Ksochor, I'll buy you a twelve pack if you let me follow you out there tomorrow. ..
What do you drink and where and when...
I saw 5-7" where I went. I spudded through a few spots close to shore around weed beds.
I try to stay away from crack. 
I heard the crack is UGLY!!! And quit a few guys have been getting wet.


----------



## YoungGun19 (Mar 15, 2012)

West winds all night with the crack, and I heard it's 4 feet wide and barely passable. Would love to get out but not sure if it's worth it. Have a spud and right tools


----------



## Ksochor (Aug 29, 2015)

Treeman said:


> Ksochor, I'll buy you a twelve pack if you let me follow you out there tomorrow. ..
> What do you drink and where and when...


Like young gun mentioned that crack was easily a foot wider coming in and it was super sketchy I’m gonna see how much snow they get tonight. I may not risk it tomorrow but if I do I’ll let you know!!!


----------



## ezbite (May 25, 2006)

I be been saying the ice is not safe for a few days now, congrats on your catch, I just hope you quit posting photos giving novices hope they can get out on late ice safely catching walleye.. you might know, some don't.. not trying to start an argument. Just speaking my mind and I welcome your opinion..


----------



## Treeman (Nov 23, 2010)

You are absolutely right!!!
If you don't have a floatsuit, picks, spikes, a whistle( yes i wear a whistle) a partner, a piece of rope, ****a spud***,
****first hand or very reliable info****, you're phone in a waterproof bag, a gps, a compass and a plank...
Very important'- you need contingency plan for getting wet and it wouldnt hurt to bring a change of clothes. Personally I bring wipes and at least a depends...cause you never know. lol
If you dont have all of these things you should ABSOLUTELY STAY OFF the ice.
Today is my last day for the season and last night was a blast. I felt like sharing it.
After all I worked hard for it.


----------



## bountyhunter (Apr 28, 2004)

ezbite lives up there ,he says stay off, I,ll stay off. even with all the gear it ain,t worth it. its just a fish.


----------



## Treeman (Nov 23, 2010)

bountyhunter said:


> ezbite lives up there ,he says stay off, I,ll stay off. even with all the gear it ain,t worth it. its just a fish.

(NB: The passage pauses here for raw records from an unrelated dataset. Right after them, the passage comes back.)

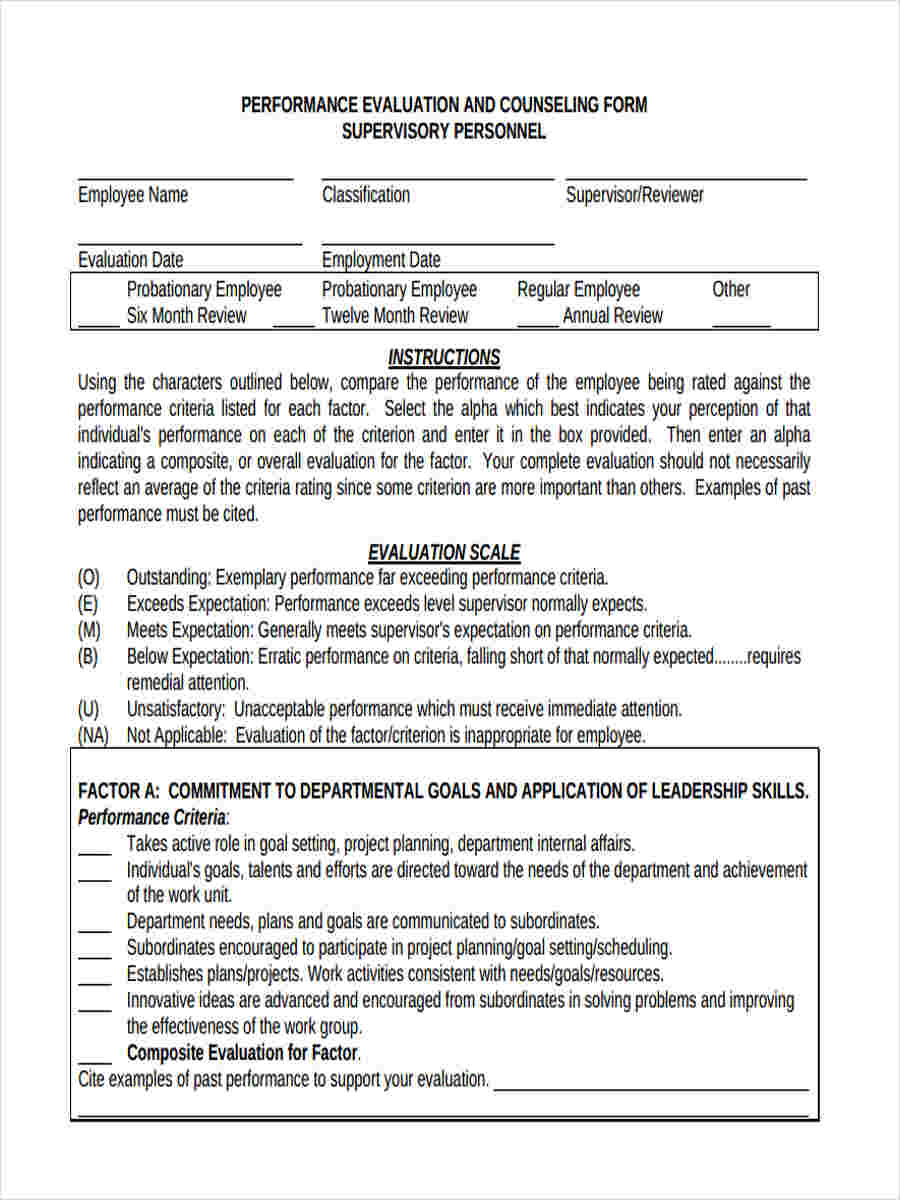 FREE 6 Performance Counseling Forms In PDF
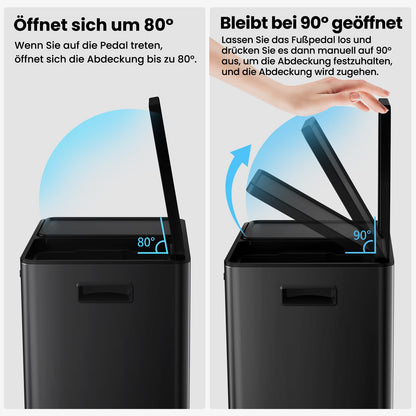 mVm Treteimer 60 Liter mit Mülltrennung, Stahl, Softclose-Deckel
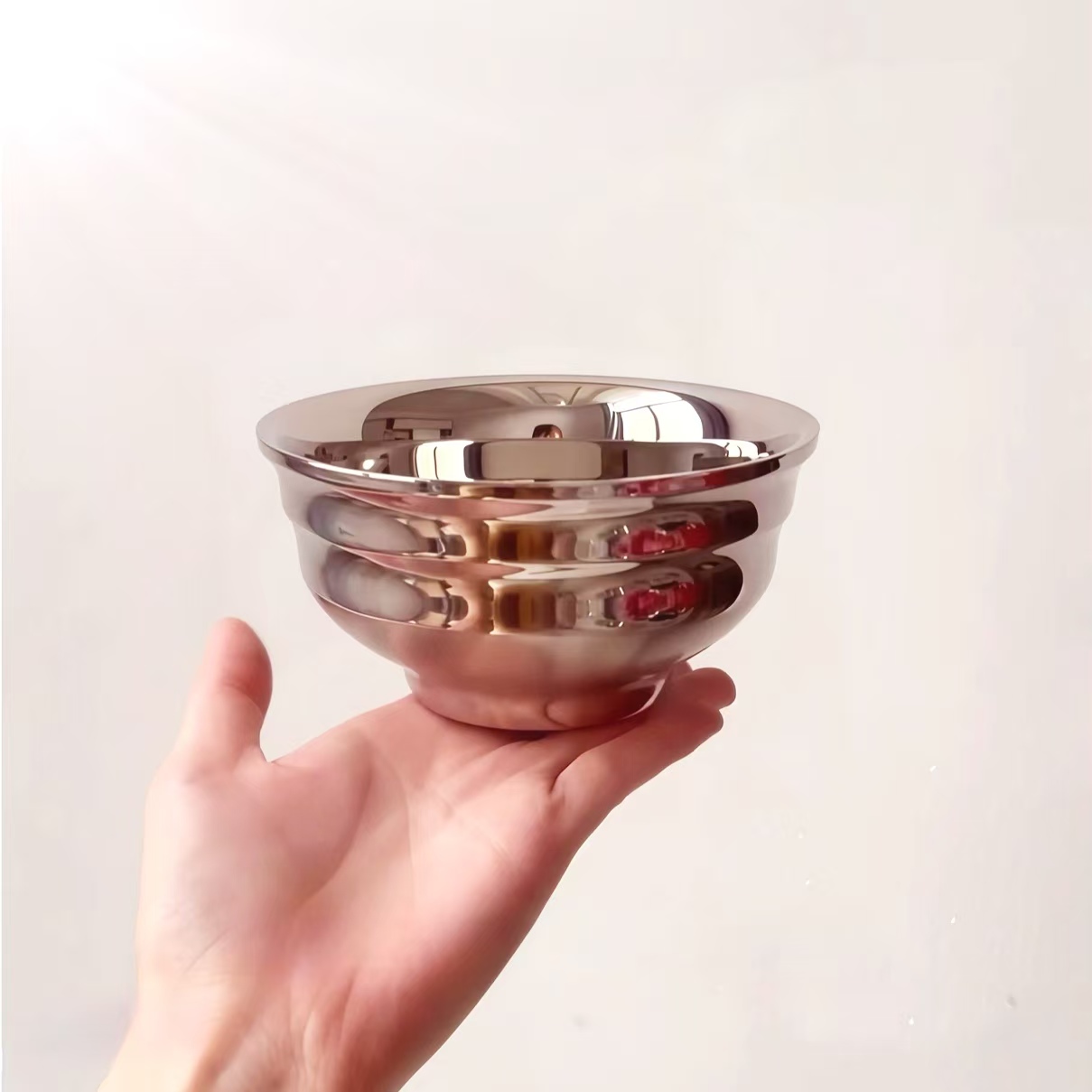 郁金香小碗304不锈钢ins风吃饭碗汤碗双层防烫防摔家用美人碗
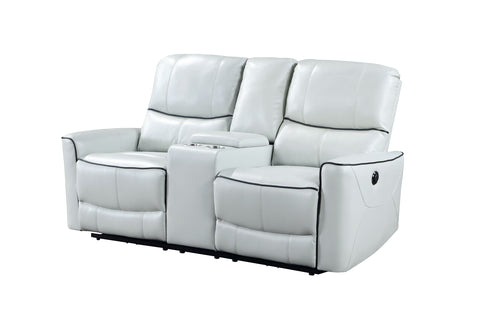 Avery Light Grey POWER CONSOLE RECLINING LOVESEAT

Yeah, that's what Dave said after landing this 36" pike. Just messing


----------



## Treeman (Nov 23, 2010)

Like i mentioned last night about the weed bed...much worse today.... the walk from the crack to the shore is REALLY REALLY BAD. STAY OFF the ice near the North West shoreline !!!
We used the plank I carried at least 5 times this afternoon.
Thanks by the way for the planks over the crack. Tomorrow afternoon we could probably go back with a canoe or Jon boat to get em.


----------



## Ksochor (Aug 29, 2015)

We came back in an hour after treeman. West of the crack is no joke.. I’m 6’3. 240 and I walked like I was a buck twenty. Lot of areas about inch and a half or less many of my footprints were leaving cracks. Luckily we stayed dry... I will not be going out again this year!!!


----------



## bountyhunter (Apr 28, 2004)

glad your all safe, nice pike,theres some real dandies in the lake.


----------



## tomb (Oct 9, 2004)

Vegetation in the ice and the snow tramped down let the sun cook the ice in a huge area. Major pucker factor coming off. Spud bars kept us dry for sure this time.


----------



## Treeman (Nov 23, 2010)

Ksochor said:


> We came back in an hour after treeman. West of the crack is no joke.. I’m 6’3. 240 and I walked like I was a buck twenty. Lot of areas about inch and a half or less many of my footprints were leaving cracks. Luckily we stayed dry... I will not be going out again this year!!!


2 guys went in around 2. Everione out there was spreading the word to get off before dark.
I went back to see if they did.
When i got there i learned a guy got wet, went home, put on dry clothes and went back to warn the other remaining 6-7 people out there.
I met him, his dad and buddy and we all hung til the they got off around 7:30.
Everyone is fine.


----------



## Treeman (Nov 23, 2010)

tomb said:


> Vegetation in the ice and the snow tramped down let the sun cook the ice in a huge area. Major pucker factor coming off. Spud bars kept us dry for sure this time.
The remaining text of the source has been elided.